# Brand New, 1/22/2015 We Signed The Papers For Our 298Re



## 298RE 2015

We are Very Excited, we have just closed the deal on our Brand new 298RE Travel Trailer. and Can not wait to get her Home.
We left her at Camping world because we are having them put on all three slide awnings, and they were not in yet, so we just left our New Baby there, no reason to pull it home, just to turn around and have to take off of work next week to take her back..

Ken is Still Working for a Couple of years, and then he will be looking at getting into the drop, but With his kind of City work he has plenty of time to take weekly trips for now!! We have just purchased 2 Hobie Cat 14FT, Kayaks, and one has a lithium Motor in it for me, Yes I am spoiled.. So we are on our way to getting ready for Retirement.. We Live in Florida, and Love the Salt Life!!!!. We have one little Female Mini, Doxie, and she will be traveling with us.. and 1 Parrot a African Grey.

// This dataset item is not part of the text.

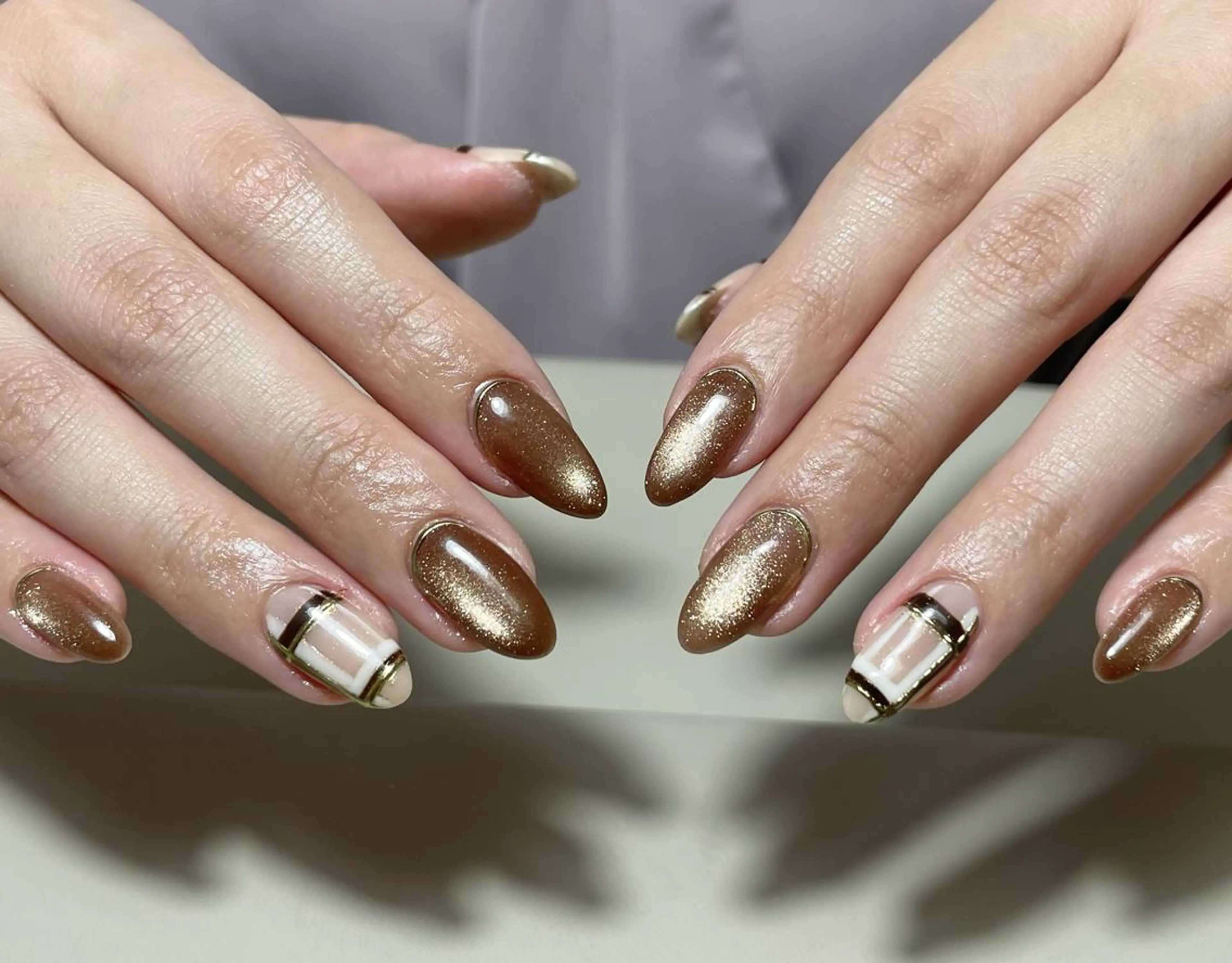 ネイル ハンドネイル Pure&Rich Nailのネイルデザイン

and that is our Story for now.


----------



## Todd&Regan

Welcome to Outbackers and congrats on the new 298RE!

Todd


----------



## 298RE 2015

ob277rl said:


> Judging by the size of your font it is easy to tell just how excited you are about your new trailer LOL. Congratulations and welcome to Outbackers, you found the right place to be when looking for help and friendship. I believe having the slide toppers installed was a good decision I would like to install some, somewhere down the line. I believe there are a few Outbackers here that Kayak also and might have a few tip on how they carry them along with them. It is fortunate you already live in Florida, so after retirement you won't have to move there. I just wanted to say hello and Good Luck.
> 
> Robert


Thanks Robert,
LOL I just like big fonts, but I am excited also, we Got rid of a Coachmen 25FT, and got the 298RE.
we had water Damage from the slide leaking on the Coach, so we made sure to get the slides covers, right off and are parking the new one under a new metal building.
Thanks for the welcome.
Linda And Ken.


----------



## Leedek

"I like big fonts and I cannot lie"









Oh.... sorry.... got carried away









Welcome to Outbackers! We're all pretty good people and we all like our trailers a lot. 

* GO SEAHAWKS!!!*


----------